Echte Innovationen bei neuen Arzneimitteln offenbar selten
Hamburg/Bremen – Rund die Hälfte der neuen Arzneimittel, die die Universität Bremen und die Techniker Krankenkasse seit dem Jahr 2013 im Rahmen der Innovationsreporte bewertet haben, sind laut Universität und Kasse keine echten Innovationen.
Von den analysierten 200 Arzneimitteln stuften die Wissenschaftler 26 und damit 13 Prozent als echte Innovationen ein. Das berichtet die TK im neuen „Innovationsreport 2021“.
„Die Ausgaben im Arzneimittelbereich steigen kontinuierlich – es ist klar, dass etwas passieren muss, kurz- wie langfristig. Wir brauchen faire Preise für neue Arzneimittel, die sich an ihrem tatsächlichen Nutzen und den tatsächlichen Forschungskosten orientieren“, sagte Jens Baas, Vorstandsvorsitzender der TK.
Zu einem scharfen Urteil kommt der Herausgeber des Reports, Gerd Glaeske von der Universität Bremen. Beim Blick auf die Gesamtergebnisse sei die Innovationskraft der pharmazeutischen Industrie als „dürftig“ zu bewerten, sagte er.
Es kämen zu wenig Arzneimittel auf den Markt, von denen Patienten wirklich profitierten. „Dennoch werden die von uns als nicht innovativ bewerteten Medikamente verordnet. Das Missverständnis, dass ,neu‘ stets auch ,innovativ‘ im Sinne eines verbesserten Patientennutzens bedeutet, muss endlich ausgeräumt werden“, sagte Glaeske.
Bei einer Analyse von neuen Arzneimitteln, die in den Jahren 2010 bis 2017 in Deutschland auf den Markt gekommen sind, zeige sich außerdem: Der durchschnittliche Packungspreis dieser Medikamente sei um fast 1.200 Prozent gestiegen. „Patentgeschützte Arzneimittel sind hierzulande im internationalen Vergleich zu teuer“, so Glaeske.

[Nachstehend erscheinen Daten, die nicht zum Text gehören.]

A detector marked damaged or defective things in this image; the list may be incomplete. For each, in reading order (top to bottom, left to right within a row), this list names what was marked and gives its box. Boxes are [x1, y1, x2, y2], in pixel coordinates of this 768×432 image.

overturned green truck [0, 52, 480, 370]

Es sei ein Fehler im System, dass die Unternehmen die Kosten bei Markteintritt frei und völlig intransparent festlegen könnten. Sei ein extrem hoher Preis auf diesem Weg erst einmal etabliert, setze dieser die Marke für die nachfolgenden Medikamente, da die Kosten anhand der Vergleichstherapie bestimmt würden – „ein Teufelskreis“, so Glaeske.

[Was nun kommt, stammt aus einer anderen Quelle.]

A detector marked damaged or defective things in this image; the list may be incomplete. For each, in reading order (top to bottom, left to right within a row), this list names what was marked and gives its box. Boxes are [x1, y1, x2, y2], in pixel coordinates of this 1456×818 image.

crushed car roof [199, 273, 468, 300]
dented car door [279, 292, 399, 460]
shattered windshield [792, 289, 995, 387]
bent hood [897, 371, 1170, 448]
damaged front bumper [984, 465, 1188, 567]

Der Wissenschaftler fordert außerdem, Orphan Drugs zur Behandlung von seltenen Erkrankungen nicht länger in der Form zu bevorzugen, dass ihr Zusatznutzen von vornherein als belegt gelte.
„Die im Koalitionsvertrag angekündigte Reform des Arzneimittelmarktneuordnungsgesetz muss zügig angegangen werden“, so Baas. „Langfristig müssen wir zu einer transparenteren Preisfindung kommen, die sich an objektiv nachvollziehbaren Kriterien orientiert“, forderte er.

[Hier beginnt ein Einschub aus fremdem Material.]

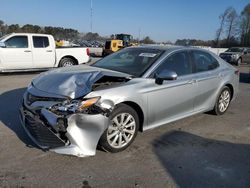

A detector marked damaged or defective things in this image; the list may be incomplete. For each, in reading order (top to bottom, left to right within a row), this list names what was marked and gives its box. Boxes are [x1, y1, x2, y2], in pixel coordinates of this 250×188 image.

crumpled hood [31, 65, 131, 98]
detached bumper piece [19, 108, 65, 149]
damaged front end [19, 66, 131, 157]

Nötig sind laut der TK außerdem weitere kurzfristige Maßnahmen im Arzneimittelbereich, um die Ausgaben zu senken. „Dazu gehören insbesondere ein ermäßigter Umsatzsteuersatz für alle Arzneimittel und eine Erhöhung der sogenannten Herstellerabschläge für patentgeschützte Arzneimittel, die derzeitigen Kostentreiber. Allein mit diesen beiden Maßnahmen ergibt sich ein Einsparpotenzial von etwa acht Milliarden Euro für die gesetzliche Krankenversicherung“, so Baas.